| HN Mirror

Yes, rhymer has hit on the primary tradeoff behind Algorithm A. While Algorithm A is fast, easy, and makes it possible to sample any dataset you can access with SQL, including massive distributed datasets, its draws from the population are not independent and identically distributed (because with each draw you make the population one item smaller), nor does it let you compute the inclusion probabilties that would let you use the most common reweighting methods, such as a Horvitz–Thompson estimator, to produce unbiased estimates from potentially biased samples.

In practice, however, when your samples are small, your populations are large, and your populations' weights are not concentrated in a small number of members, you can use Algorithm A and just pretend that you have a sample of i.i.d. draws. In these circumstances, the potential for bias is generally not worth worrying about.

But when you cannot play so fast and loose, you can produce unbiased estimates from an Algorithm A sample by using an ordered estimator, such as Des Raj's ordered estimator [1].
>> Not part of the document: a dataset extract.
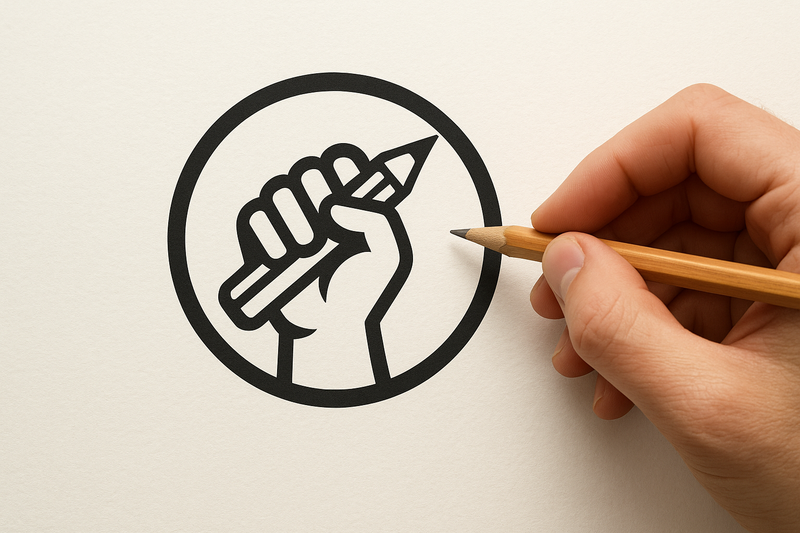 Une entreprise peut elle exister sans identité visuelle ? Initiation à la charte graphique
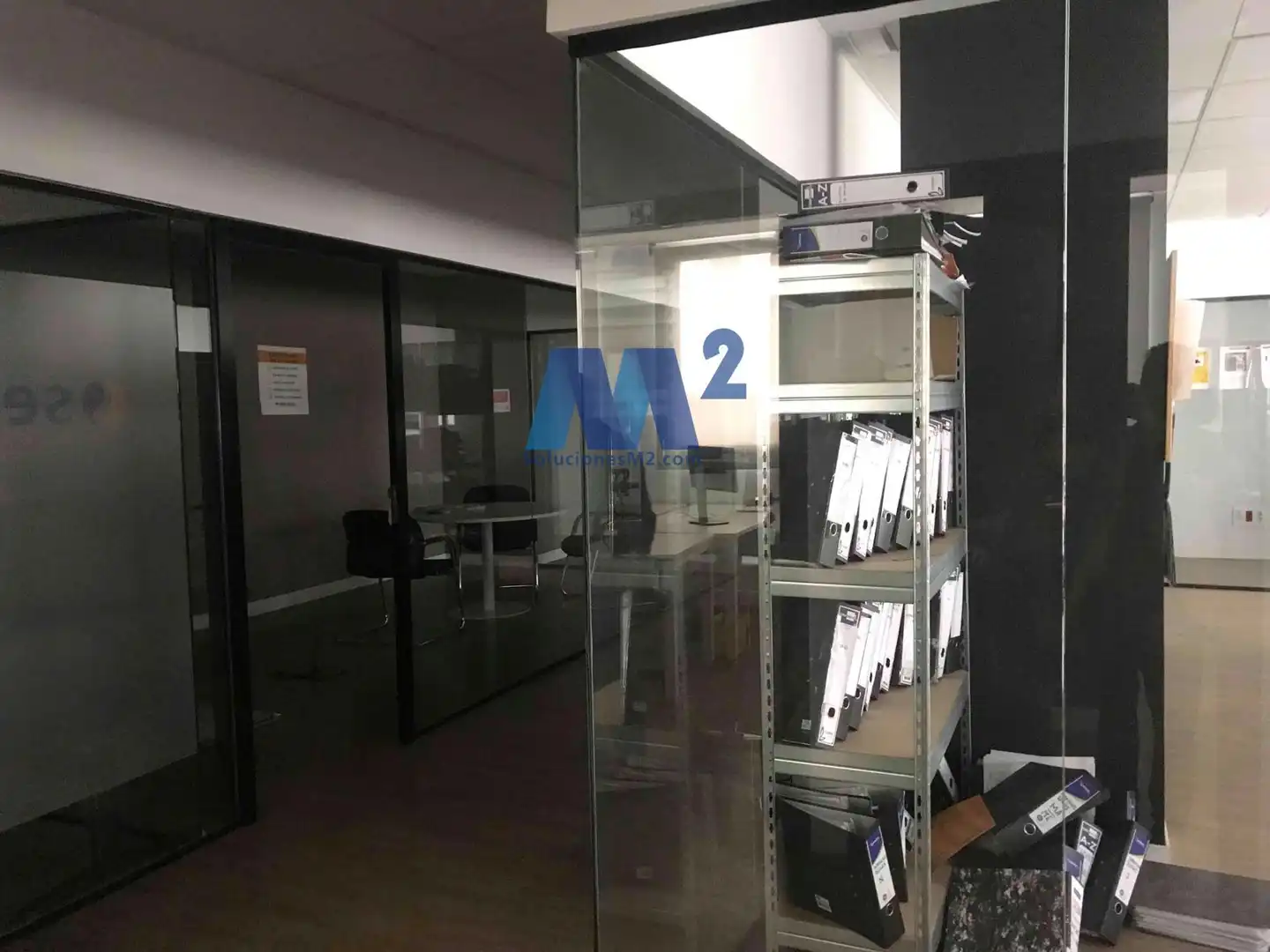 Office space with lift for sale in Del Haya, imagen 17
You could alternatively use a different sampling method, one that does produce inclusion probabilities. But these tend to be implemented only in more sophisticated statistical systems (e.g., R's "survey" package [2]) and thus not useful unless you can fit your dataset into those systems.

For very large datasets, then, I end up using Algorithm A to take samples and (when it matters) Des Raj's ordered estimator to make estimates.

(I was planning a follow up post to my blog on this subject.)

[1] The original papers are hard to come by online, so I suggest starting with an introduction like https://home.iitk.ac.in/~shalab/sampling/chapter7-sampling-v..., starting at page 11.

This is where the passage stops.